$A$ body of mass $m$ is situated in a potential field $U(x) = U_0 (1 - \cos \alpha x)$,where $U_0$ and $\alpha$ are constants. Find the time period of small oscillations.

(D) The potential energy associated with the field is given by $U(x) = U_0 (1 - \cos \alpha x)$.
The force $F$ is related to potential energy by $F = -\frac{dU}{dx}$.
$\frac{dU}{dx} = \frac{d}{dx} [U_0 (1 - \cos \alpha x)] = U_0 \alpha \sin \alpha x$.

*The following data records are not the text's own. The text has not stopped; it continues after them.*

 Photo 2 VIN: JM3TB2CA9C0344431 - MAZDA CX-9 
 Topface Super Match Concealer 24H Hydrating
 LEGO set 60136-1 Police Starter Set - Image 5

Therefore,$F = -U_0 \alpha \sin \alpha x$.
For small oscillations,$\alpha x$ is very small,so $\sin \alpha x \approx \alpha x$.

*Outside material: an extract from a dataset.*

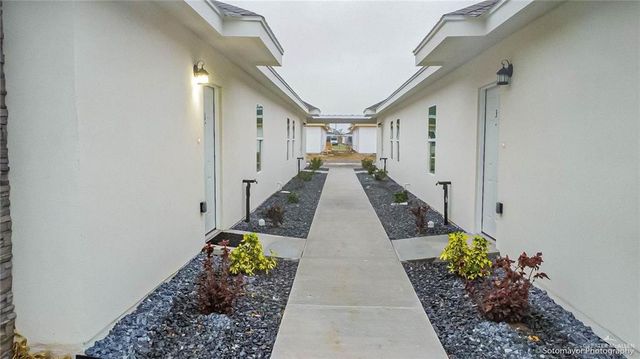 5600 Quail Avenue 1, Mission, TX 78573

Thus,$F \approx -U_0 \alpha (\alpha x) = -U_0 \alpha^2 x$.
This is the equation of Simple Harmonic Motion $(SHM)$ of the form $F = -k x$,where the effective spring constant $k = U_0 \alpha^2$.
For $SHM$,the angular frequency $\omega$ is given by $\omega = \sqrt{\frac{k}{m}} = \sqrt{\frac{U_0 \alpha^2}{m}} = \alpha \sqrt{\frac{U_0}{m}}$.
The time period $T$ is given by $T = \frac{2 \pi}{\omega}$.
Substituting $\omega$,we get $T = \frac{2 \pi}{\alpha \sqrt{\frac{U_0}{m}}} = 2 \pi \sqrt{\frac{m}{U_0 \alpha^2}}$.